As defined in the previous notebook, the frac intensity is just a parameter based on the max treat pressure, by formation, and binned into 10 intervals.

In [27]:
# creating a new dataframe with_maturity to hold the final_data with maturity flag
with_frac_intensity = with_maturity

In [28]:
with_frac_intensity['Frac_intensity'] = with_frac_intensity['max_treat_press']

In [29]:
grouped_data = with_frac_intensity.groupby('Produced_Pools')
for pool in with_frac_intensity.Produced_Pools.unique():
    cur_press = grouped_data.get_group(pool).max_treat_press
    if len(cur_press) < 10: # if the formation has less than 10 data points, use one bin for all of them
        n_bins = 1
    else:
        n_bins = 10
    cur_range = max(cur_press) - min(cur_press) + 1 # 1 is added to take care of cases where only one data point exists
    cur_min = min(cur_press)
    bin_size = cur_range/n_bins
    vals = grouped_data.get_group(pool).max_treat_press.map(lambda x: (x -cur_min)// bin_size + 1).astype('str')
    #vals = [pool + vals.astype('str')]
    with_frac_intensity.loc[vals.index,'Frac_intensity'] = vals

In [30]:
with_frac_intensity['Frac_intensity'] = with_frac_intensity['Frac_intensity'] + '_' + with_frac_intensity['Produced_Pools']

In [31]:
with_frac_intensity['Frac_intensity'] = with_frac_intensity['Frac_intensity'].astype('category')

In [32]:
temp_data = clean_data(with_frac_intensity,limits)
r2_rf, rmse_rf, cv_rf = random_forest_func(temp_data, data_cols)
print('New data shape:',temp_data.shape)
print('R2:',r2_rf)
print('RMSE:',rmse_rf)
print('Mean of 5-fold CV:',cv_rf)

New data shape: (3342, 22)
R2: 0.75313748707
RMSE: 27157.5622894
Mean of 5-fold CV: 0.676897924077


# Conclusion

Cleaning the data very aggresively results in a much better model than before.
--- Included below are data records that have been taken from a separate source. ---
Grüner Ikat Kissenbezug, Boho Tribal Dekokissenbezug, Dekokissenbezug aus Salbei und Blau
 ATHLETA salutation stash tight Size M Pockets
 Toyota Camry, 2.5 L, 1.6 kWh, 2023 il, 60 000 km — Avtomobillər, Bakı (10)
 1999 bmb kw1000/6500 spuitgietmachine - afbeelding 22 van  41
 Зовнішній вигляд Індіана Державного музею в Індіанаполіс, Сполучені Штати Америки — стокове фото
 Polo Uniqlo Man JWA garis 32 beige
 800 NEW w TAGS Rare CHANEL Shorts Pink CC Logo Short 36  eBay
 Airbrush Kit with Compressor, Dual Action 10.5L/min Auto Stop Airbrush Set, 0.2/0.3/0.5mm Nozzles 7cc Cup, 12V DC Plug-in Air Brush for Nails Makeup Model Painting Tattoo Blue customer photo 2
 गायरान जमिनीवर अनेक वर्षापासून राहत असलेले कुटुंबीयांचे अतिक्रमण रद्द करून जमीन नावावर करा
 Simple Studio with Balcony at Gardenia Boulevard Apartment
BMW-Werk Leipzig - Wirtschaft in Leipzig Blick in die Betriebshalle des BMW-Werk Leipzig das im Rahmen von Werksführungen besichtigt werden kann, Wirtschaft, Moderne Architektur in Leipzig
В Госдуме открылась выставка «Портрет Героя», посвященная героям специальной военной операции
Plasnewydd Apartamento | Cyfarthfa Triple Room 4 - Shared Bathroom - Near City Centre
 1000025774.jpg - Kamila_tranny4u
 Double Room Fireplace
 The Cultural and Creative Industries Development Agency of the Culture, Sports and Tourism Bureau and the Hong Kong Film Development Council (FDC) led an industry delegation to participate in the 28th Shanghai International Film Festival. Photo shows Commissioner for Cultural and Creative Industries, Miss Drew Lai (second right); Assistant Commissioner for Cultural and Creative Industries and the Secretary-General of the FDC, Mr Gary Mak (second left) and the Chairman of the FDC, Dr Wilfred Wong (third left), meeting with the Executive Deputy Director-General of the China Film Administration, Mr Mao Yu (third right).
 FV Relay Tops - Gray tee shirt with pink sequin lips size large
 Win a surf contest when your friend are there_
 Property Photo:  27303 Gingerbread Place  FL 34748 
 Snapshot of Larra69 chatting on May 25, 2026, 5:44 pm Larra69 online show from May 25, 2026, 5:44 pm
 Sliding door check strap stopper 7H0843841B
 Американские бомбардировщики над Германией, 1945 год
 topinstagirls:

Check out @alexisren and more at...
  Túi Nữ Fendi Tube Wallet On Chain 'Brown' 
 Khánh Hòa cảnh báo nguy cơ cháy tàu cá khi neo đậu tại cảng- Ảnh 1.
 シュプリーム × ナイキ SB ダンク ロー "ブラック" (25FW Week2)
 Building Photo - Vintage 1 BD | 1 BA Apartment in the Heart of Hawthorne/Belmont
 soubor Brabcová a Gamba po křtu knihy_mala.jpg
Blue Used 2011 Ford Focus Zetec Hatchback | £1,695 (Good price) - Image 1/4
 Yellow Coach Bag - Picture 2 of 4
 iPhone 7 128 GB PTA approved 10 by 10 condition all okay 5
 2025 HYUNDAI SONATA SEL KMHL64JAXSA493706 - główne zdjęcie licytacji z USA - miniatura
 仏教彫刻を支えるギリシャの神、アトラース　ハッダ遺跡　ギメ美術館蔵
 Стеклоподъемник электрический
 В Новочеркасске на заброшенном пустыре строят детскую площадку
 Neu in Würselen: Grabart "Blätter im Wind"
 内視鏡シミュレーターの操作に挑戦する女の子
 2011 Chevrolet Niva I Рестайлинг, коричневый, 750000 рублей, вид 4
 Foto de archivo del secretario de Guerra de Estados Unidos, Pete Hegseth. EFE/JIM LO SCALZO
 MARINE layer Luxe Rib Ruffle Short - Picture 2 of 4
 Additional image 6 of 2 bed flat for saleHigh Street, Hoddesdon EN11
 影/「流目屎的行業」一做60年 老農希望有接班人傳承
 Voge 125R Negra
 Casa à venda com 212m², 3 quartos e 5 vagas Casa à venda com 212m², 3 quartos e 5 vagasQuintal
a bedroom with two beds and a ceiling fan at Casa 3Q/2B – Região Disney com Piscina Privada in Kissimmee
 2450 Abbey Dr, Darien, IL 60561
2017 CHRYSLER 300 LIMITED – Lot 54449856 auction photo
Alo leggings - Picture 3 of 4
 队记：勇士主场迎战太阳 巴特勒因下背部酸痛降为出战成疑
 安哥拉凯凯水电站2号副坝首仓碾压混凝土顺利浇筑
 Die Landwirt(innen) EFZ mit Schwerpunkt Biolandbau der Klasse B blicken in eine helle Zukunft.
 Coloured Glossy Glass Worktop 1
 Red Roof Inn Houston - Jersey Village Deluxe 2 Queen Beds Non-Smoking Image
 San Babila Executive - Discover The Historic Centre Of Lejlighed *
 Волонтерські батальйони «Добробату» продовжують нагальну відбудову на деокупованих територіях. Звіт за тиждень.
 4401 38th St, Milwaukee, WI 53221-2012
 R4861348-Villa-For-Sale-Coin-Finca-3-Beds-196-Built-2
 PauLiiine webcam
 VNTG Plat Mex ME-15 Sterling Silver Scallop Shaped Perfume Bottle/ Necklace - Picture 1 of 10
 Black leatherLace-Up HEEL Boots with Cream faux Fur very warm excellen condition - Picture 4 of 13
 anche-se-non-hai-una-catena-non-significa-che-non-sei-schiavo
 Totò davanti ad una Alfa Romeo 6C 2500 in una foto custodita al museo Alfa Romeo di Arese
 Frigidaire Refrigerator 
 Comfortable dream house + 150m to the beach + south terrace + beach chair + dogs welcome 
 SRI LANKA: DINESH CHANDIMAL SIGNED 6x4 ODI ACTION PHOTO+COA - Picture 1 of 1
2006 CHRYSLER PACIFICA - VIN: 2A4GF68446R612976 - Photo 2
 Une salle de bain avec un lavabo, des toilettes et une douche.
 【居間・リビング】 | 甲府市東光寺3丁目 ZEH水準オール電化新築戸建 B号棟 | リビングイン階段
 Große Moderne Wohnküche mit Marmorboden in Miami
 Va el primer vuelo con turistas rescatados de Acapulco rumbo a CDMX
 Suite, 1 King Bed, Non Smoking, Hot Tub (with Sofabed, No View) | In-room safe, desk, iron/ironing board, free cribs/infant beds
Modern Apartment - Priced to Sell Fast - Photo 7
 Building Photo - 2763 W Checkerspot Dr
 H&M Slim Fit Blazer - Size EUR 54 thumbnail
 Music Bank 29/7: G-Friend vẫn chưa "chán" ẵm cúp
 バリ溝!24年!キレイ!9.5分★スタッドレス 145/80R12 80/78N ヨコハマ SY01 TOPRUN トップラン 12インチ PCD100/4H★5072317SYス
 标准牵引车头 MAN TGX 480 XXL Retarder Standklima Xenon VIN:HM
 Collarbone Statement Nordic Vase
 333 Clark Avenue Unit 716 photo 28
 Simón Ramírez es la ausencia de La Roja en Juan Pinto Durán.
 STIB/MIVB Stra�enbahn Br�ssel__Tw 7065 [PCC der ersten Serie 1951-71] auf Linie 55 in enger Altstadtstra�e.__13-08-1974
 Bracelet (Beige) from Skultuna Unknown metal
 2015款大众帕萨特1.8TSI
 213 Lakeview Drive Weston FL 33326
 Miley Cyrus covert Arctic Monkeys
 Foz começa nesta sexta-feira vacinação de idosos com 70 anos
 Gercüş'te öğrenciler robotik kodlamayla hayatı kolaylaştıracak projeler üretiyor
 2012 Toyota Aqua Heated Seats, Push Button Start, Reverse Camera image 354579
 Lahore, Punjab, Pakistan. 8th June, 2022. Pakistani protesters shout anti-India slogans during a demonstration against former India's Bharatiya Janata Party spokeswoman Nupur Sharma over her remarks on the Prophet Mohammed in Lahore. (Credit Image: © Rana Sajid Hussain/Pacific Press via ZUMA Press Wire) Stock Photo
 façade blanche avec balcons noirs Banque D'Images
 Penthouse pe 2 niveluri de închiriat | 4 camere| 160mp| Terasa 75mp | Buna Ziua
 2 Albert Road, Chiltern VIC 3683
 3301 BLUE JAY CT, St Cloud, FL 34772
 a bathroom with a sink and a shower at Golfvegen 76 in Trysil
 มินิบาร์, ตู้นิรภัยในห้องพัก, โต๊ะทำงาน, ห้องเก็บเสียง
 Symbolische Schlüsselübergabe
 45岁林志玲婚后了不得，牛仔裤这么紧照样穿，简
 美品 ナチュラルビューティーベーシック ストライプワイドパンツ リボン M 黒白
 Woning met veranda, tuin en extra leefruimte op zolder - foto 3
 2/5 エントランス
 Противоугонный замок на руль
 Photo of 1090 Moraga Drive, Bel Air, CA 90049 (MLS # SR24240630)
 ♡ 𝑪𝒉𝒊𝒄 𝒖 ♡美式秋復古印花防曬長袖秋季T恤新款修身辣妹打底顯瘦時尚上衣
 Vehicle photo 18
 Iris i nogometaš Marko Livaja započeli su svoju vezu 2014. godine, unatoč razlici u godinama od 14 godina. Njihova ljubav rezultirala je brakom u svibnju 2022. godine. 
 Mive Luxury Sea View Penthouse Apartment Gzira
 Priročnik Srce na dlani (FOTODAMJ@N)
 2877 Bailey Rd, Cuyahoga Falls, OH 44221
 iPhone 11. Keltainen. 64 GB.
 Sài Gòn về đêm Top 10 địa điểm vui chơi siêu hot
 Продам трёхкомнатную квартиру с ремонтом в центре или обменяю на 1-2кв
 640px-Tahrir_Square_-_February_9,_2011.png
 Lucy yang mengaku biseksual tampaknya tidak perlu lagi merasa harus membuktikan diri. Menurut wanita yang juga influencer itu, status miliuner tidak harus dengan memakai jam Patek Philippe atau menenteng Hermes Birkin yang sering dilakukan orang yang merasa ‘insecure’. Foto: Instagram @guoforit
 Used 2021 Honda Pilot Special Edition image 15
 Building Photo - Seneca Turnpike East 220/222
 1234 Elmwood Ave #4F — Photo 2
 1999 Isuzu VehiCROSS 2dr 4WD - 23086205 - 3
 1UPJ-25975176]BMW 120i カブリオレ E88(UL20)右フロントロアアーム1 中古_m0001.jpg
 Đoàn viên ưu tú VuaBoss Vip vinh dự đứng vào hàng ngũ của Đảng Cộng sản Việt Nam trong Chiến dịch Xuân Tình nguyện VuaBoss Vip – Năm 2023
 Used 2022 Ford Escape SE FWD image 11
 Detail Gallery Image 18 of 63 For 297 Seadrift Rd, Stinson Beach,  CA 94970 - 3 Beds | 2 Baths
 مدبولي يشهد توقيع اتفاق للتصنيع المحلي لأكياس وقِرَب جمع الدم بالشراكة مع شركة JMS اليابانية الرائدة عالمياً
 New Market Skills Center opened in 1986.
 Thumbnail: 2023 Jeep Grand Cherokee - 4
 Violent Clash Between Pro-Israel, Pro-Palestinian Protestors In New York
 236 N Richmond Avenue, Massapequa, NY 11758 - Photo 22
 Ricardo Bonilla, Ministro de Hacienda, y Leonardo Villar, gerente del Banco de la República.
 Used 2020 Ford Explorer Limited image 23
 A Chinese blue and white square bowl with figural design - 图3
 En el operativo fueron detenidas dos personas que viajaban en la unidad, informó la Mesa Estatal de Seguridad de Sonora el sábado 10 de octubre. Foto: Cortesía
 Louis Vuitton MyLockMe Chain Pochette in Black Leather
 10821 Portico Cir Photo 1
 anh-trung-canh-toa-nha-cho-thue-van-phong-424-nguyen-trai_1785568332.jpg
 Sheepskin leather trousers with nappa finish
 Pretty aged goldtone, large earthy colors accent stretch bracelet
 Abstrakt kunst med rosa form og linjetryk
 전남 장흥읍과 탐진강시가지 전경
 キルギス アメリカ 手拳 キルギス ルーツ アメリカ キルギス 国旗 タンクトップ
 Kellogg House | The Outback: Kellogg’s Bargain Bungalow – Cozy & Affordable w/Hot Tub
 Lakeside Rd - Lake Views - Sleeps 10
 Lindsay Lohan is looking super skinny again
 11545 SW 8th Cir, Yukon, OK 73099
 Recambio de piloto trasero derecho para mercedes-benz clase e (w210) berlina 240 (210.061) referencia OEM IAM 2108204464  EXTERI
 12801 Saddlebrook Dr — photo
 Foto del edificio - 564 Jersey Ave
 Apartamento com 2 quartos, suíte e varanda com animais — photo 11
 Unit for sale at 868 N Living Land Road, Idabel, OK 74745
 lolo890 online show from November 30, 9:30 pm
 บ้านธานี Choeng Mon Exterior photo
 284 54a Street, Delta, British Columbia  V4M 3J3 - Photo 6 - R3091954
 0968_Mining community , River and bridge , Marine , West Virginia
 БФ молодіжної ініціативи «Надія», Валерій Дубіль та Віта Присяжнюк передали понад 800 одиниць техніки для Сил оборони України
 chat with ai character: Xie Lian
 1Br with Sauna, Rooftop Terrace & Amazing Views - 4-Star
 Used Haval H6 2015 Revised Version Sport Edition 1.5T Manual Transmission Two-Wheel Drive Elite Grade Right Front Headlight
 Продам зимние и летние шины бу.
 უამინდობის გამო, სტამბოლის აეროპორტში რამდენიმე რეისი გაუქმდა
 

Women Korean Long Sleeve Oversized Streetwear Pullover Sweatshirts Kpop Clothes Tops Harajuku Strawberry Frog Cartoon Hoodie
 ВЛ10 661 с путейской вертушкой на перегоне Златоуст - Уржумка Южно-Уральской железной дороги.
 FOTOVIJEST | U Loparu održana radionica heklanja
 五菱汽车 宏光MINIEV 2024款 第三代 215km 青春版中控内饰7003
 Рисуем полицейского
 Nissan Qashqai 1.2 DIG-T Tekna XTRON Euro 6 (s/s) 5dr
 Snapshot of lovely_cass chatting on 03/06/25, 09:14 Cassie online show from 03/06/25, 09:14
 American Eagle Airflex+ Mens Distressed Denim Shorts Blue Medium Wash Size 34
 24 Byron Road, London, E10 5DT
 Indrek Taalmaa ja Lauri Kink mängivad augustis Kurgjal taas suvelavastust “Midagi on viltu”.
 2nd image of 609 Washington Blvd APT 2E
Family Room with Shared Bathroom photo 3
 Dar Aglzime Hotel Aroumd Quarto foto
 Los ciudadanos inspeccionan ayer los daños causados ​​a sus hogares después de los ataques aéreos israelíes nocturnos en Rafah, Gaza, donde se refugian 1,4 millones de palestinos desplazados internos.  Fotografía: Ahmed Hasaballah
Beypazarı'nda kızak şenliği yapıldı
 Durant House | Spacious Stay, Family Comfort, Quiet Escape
The best R^2 and RMSE values obtained were 0.7531 and 27157.56 barrels, respectively, with fracture intensity and maturity providing marginal improvements to the model. The previous machine learning model achieved a best-case R^2 and RMSE of 0.66 and 30140 bbls, respectively.

This works in this situation because we are still left with plenty of wells (3342).